The secret `HF_TOKEN` does not exist in your Colab secrets.
To authenticate with the Hugging Face Hub, create a token in your settings tab (https://huggingface.co/settings/tokens), set it as secret in your Google Colab and restart your session.
You will be able to reuse this secret in all of your notebooks.
Please note that authentication is recommended but still optional to access public models or datasets.


modules.json:   0%|          | 0.00/349 [00:00<?, ?B/s]

config_sentence_transformers.json:   0%|          | 0.00/116 [00:00<?, ?B/s]

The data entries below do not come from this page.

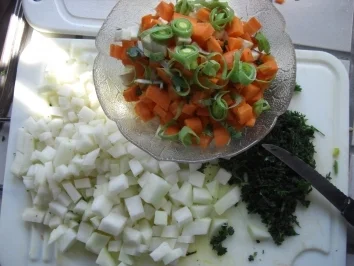 Suppe- Gemüsesuppe  mit Markklöschen (FOTO - Rezept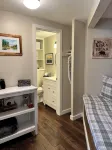 Cozy cabin with 1 bedroom, fireplace, AC, WiFi in Convenient Foscoe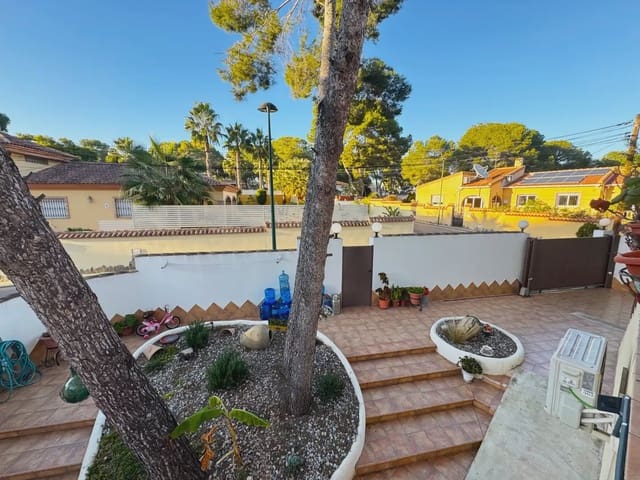 3 bedroom Villa for sale in Pinar de Campoverde, Pilar de la Horadada with garage - € 345,000 (Ref: 10076836)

README.md:   0%|          | 0.00/9.52k [00:00<?, ?B/s]

sentence_bert_config.json:   0%|          | 0.00/53.0 [00:00<?, ?B/s]



config.json:   0%|          | 0.00/523 [00:00<?, ?B/s]

model.safetensors:   0%|          | 0.00/265M [00:00<?, ?B/s]

tokenizer_config.json:   0%|          | 0.00/333 [00:00<?, ?B/s]

vocab.txt:   0%|          | 0.00/232k [00:00<?, ?B/s]

tokenizer.json:   0%|          | 0.00/466k [00:00<?, ?B/s]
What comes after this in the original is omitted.